Я достала последнее письмо Анны Михайловны. «И обязательно напиши, о чем ты думаешь сейчас, прямо в ту минуту, когда будешь писать мне ответ» – так заканчивалось ее письмо.
«Я думаю о том, что мне нужно накопить как можно больше денег к тому моменту, когда меня выпустят из детского дома, – начала писать я. – Потому что я знаю, что у меня будет стипендия пять тысяч рублей. И начнут платить ее только в сентябре. А мне нужно будет как-то жить целое лето. И на пять тысяч прожить очень трудно. Я знаю, мне рассказывала Вера. Вера – это моя подружка, кажется, я писала… Я могу ей рассказать все, так же, как и вам…»
Некоторые зовут своих шефов на «ты», как будто это их родственники, ведь родственников зовут на «ты», как я своего папу, но я Анну Михайловну не считаю своей родственницей.
«Вера выпустилась два года назад, и сначала у нее было все хорошо, а потом пошло как-то не так…»
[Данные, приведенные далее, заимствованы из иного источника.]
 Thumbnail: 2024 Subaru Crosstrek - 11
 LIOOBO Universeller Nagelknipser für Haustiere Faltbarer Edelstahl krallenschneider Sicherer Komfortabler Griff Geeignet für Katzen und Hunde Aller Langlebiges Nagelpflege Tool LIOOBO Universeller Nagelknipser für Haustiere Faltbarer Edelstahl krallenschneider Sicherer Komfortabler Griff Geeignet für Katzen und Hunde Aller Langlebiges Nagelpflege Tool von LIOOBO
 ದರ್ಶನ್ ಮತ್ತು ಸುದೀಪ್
Я подумала и зачеркнула последнюю фразу. Потом подумала еще и разорвала письмо. Зачем шефу знать о Вере? И не думаю, что стоит писать ей о деньгах. Она же не может никак мне помочь. Не имеет права. Мне вообще никто не может помочь. У папы денег нет совсем. Он прислал мне телефон полгода назад в подарок на день рождения, вот это был сюрприз! Завидовали все – и те, у кого нет телефонов, и те, у кого есть, потому что они привыкли быть исключительными. А тут еще у кого-то появился телефон! И папа кладет мне каждый месяц сто рублей на телефон, но их ненадолго хватает. Если я продам на рынке грибы или ягоды, я сама себе кладу деньги. Но зимой приходится просто ждать, когда придет долгожданное сообщение о том, что и у меня теперь есть связь с внешним миром. Мне звонит Анна Михайловна, иногда звонит Вера из города, даже однажды звонила папина жена, когда он болел, и предупреждала, чтобы я ничем его не тревожила, у него болит голова и сердце. Хотя я и так стараюсь ничего плохого ему не говорить.
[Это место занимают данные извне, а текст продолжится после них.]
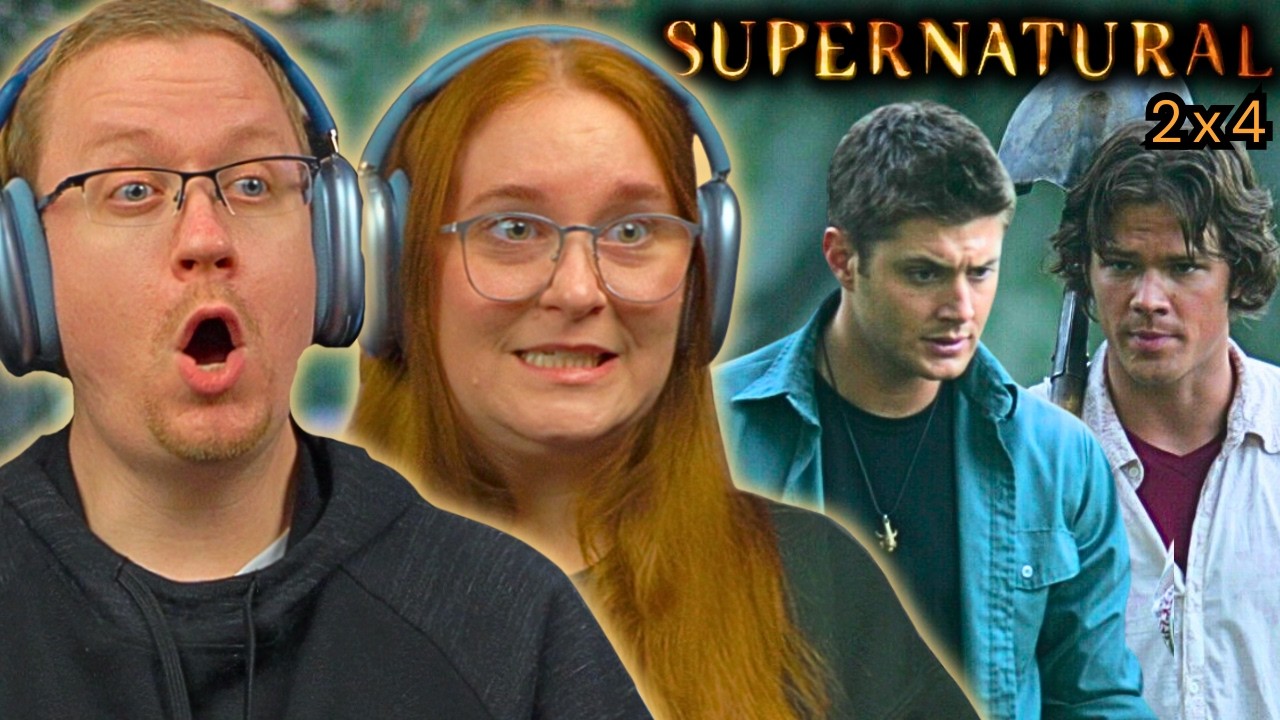 Zombie Girlfriend!! Supernatural 2x4 Reaction!! “Children Shouldn't Play with Dead Things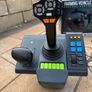 Hori Farming Vehicle Control System Steering Wheel Image 3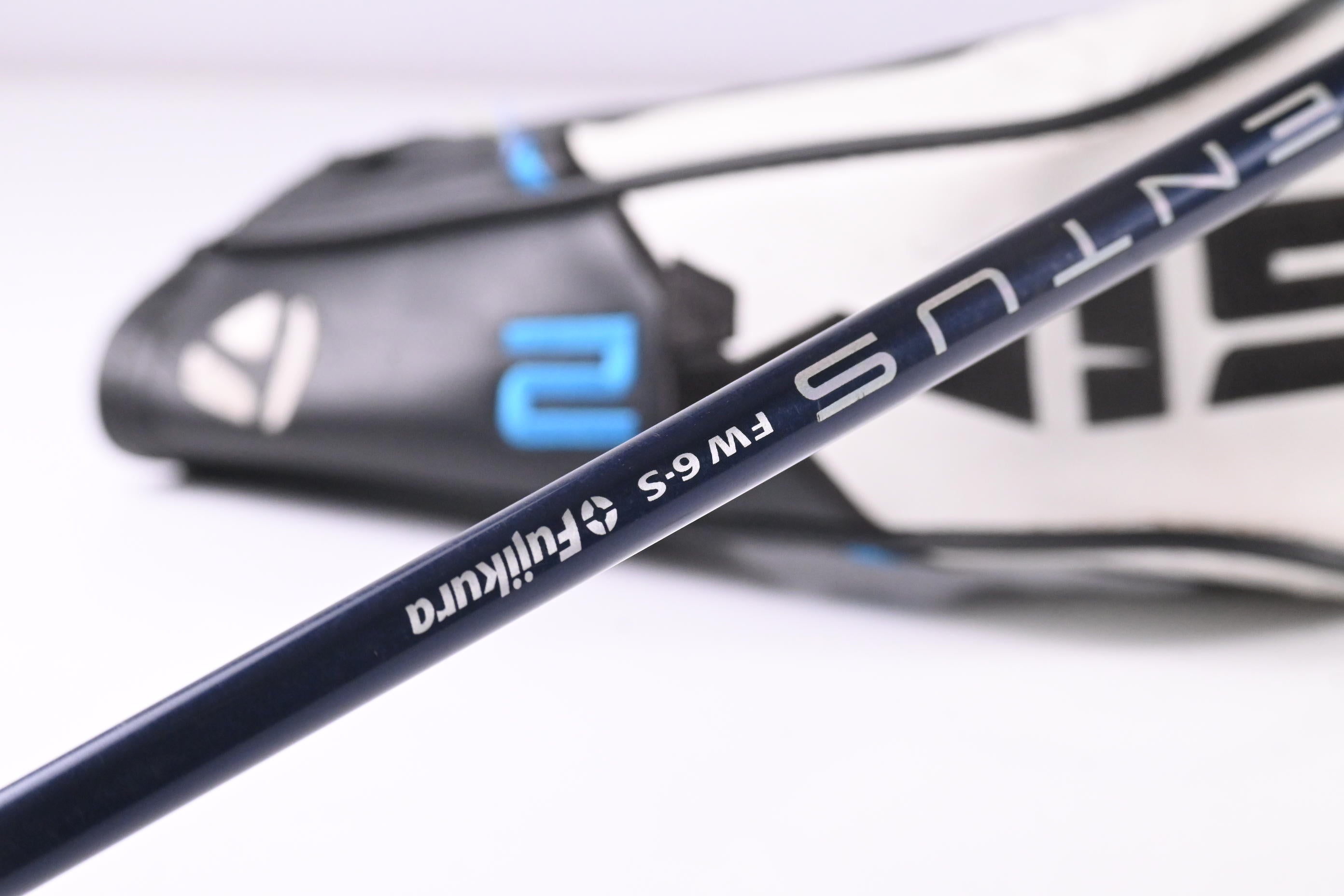 Taylormade SIM2 Max #3 Wood / 15 Degree / Stiff Flex Ventus Blue 6 Shaft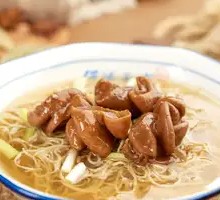 Intestine Noodles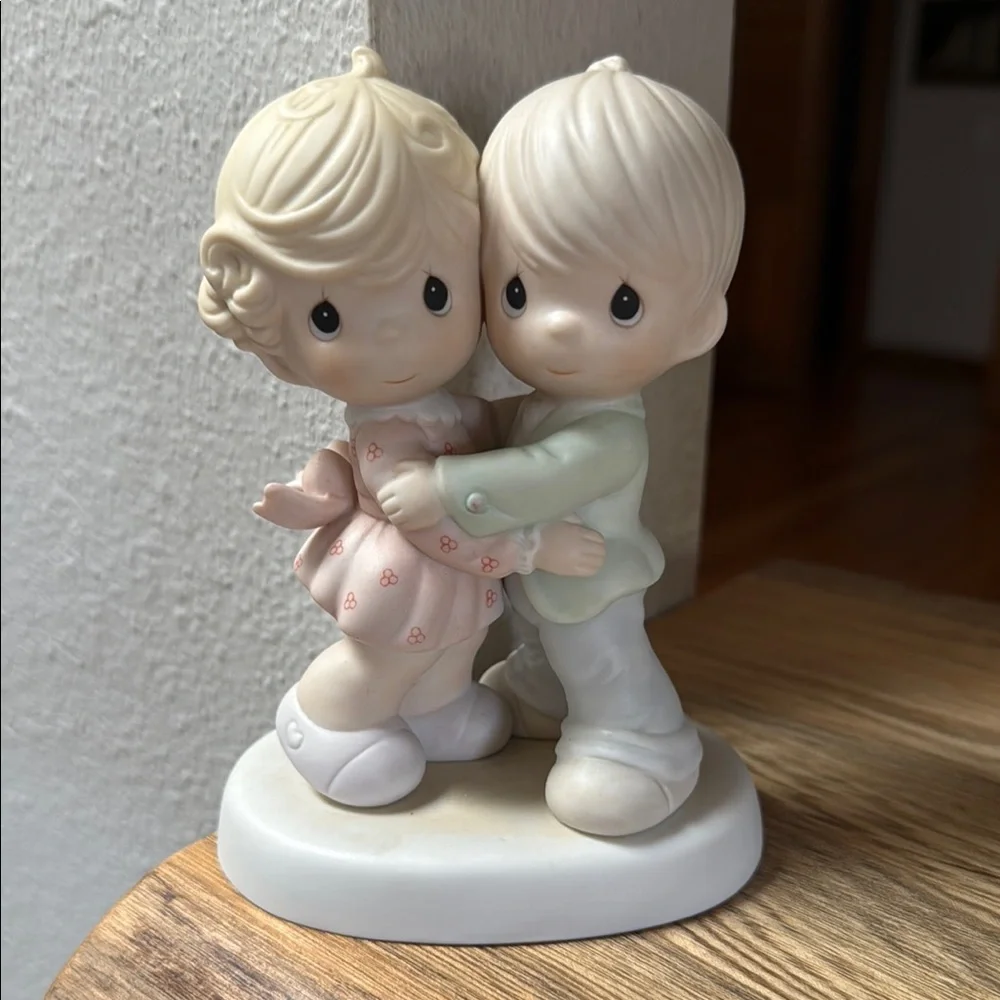 Hug One Another Precious Moments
Когда однажды мне разбили голову, случайно, целились не в меня, а я просто попала под руку, полезла куда не надо, и он мне позвонил, я только рассказала ему новый анекдот про евреев – он почему-то очень любит анекдоты про евреев, хотя сам совершенно русский человек, и они к нему отношения не имеют. Он смеялся, а я сидела и смотрела на себя в окно, как в зеркало, и было видно, как намокает и намокает кровью повязка на голове. Я хотела ему сказать, но не нашла слов, слишком много пришлось бы объяснять и рассказывать. К тому же, если подумает, что у меня плохой детский дом, он переведет меня в другой, как родственники перевели мою лучшую подругу Тасю, и мы потеряли связь, у меня тогда еще не было телефона, и я теперь не знаю, как ее найти. Может быть, она есть ВКонтакте, но наверняка под каким-то вымышленным именем, как делают все у нас.
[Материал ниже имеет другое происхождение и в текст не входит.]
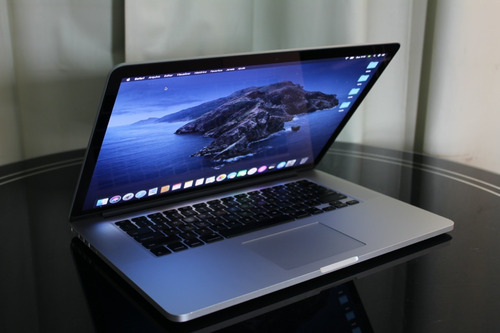 Macbook Pro (retina, 15-inch, Mid 2015)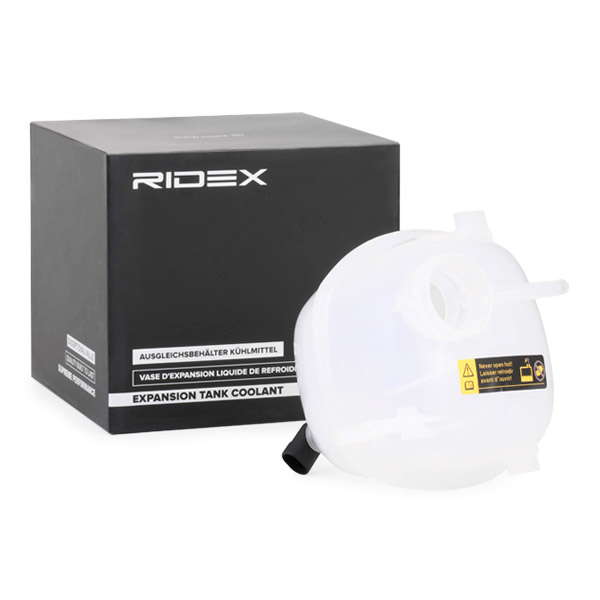 Vase d'expansion du liquide de refroidis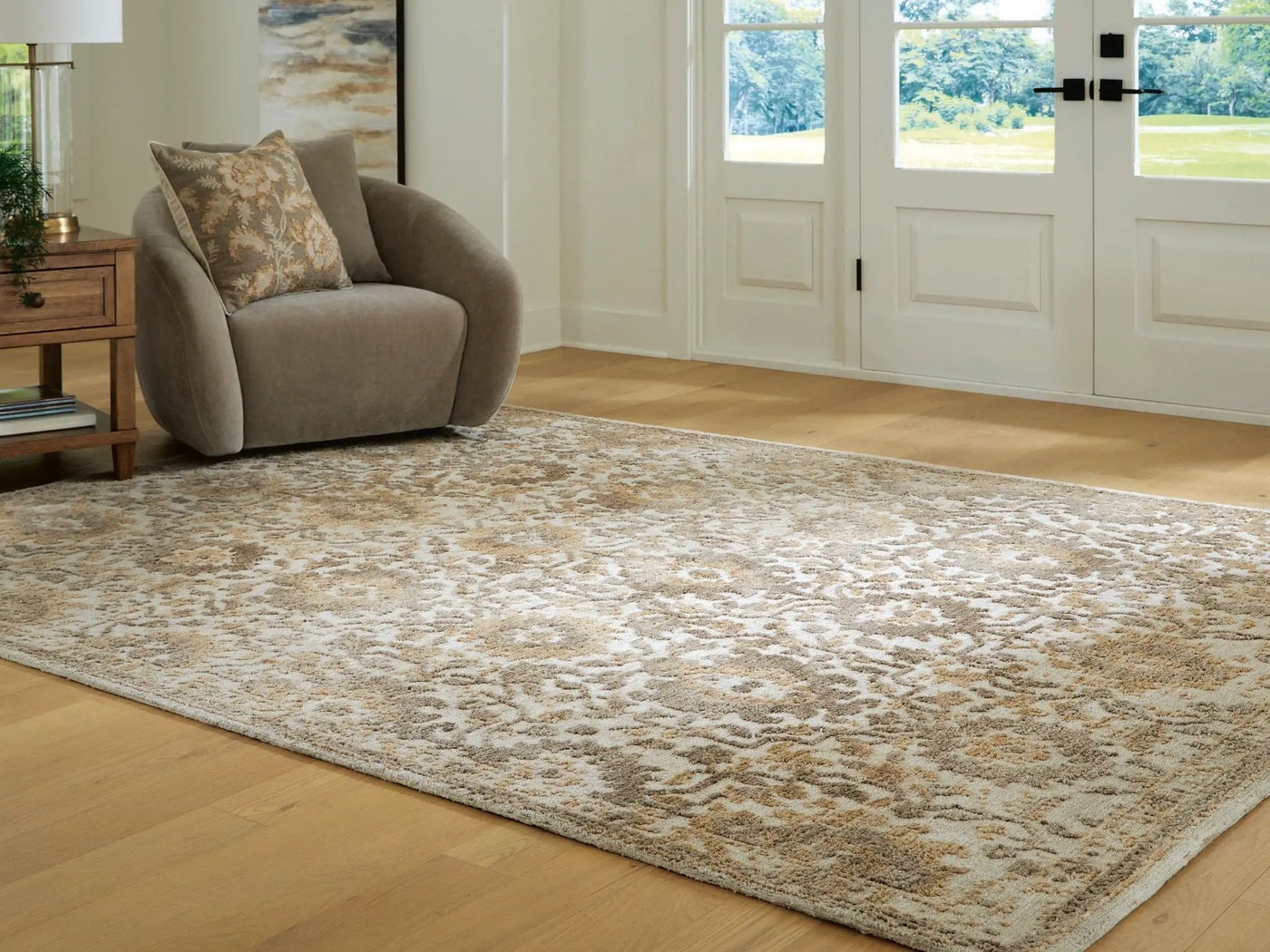 Sableridge - Rug by Unique Piece Furniture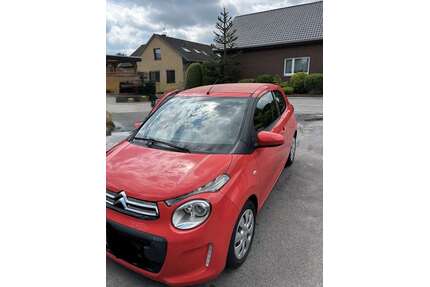 Citroen C1 Gebrauchtwagen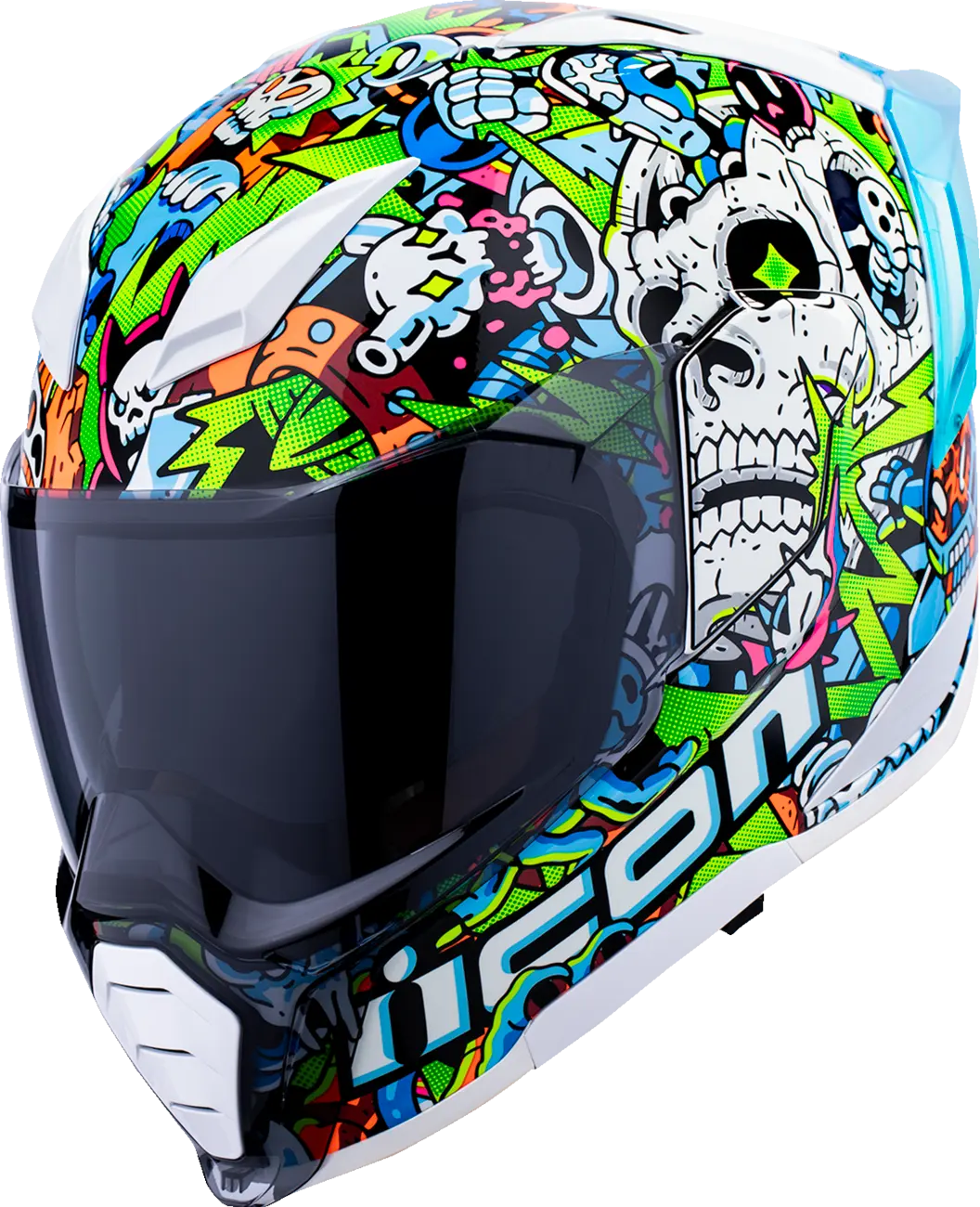 Casco Icon Ultraflite Doodle 3 MIPS®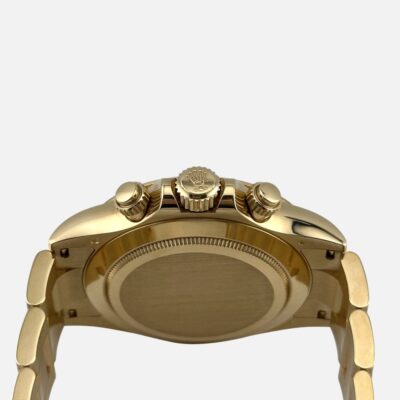 Rolex Daytona 116508 Yellow Gold Green Dial “John Mayer” 40mm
Кому охота писать, что ты никому не нужный Илья Сироткин, да еще из заброшенного детского дома! Худой, некрасивый, прыщавый, с клочками бороды на лице, которую брить неохота и больно, – кожа и так воспалена. Сироткин ненавидит свою фамилию – ведь она настоящая, его родителей, которые так пили, что Илюху у них забрали и отправили в детский дом, чтобы мальчик не сгорел случайно или не погиб от голода у родителей-алкоголиков. Но ведь у них уже была такая фамилия! Значит, сироты и раньше были у них в роду. И поэтому Илья в Сети – Джонни Дэпп. А моя подружка Тася, полненькая, милая, не очень уверенная в себе, может быть, Анжелина Джоли или Натали Пфайффер.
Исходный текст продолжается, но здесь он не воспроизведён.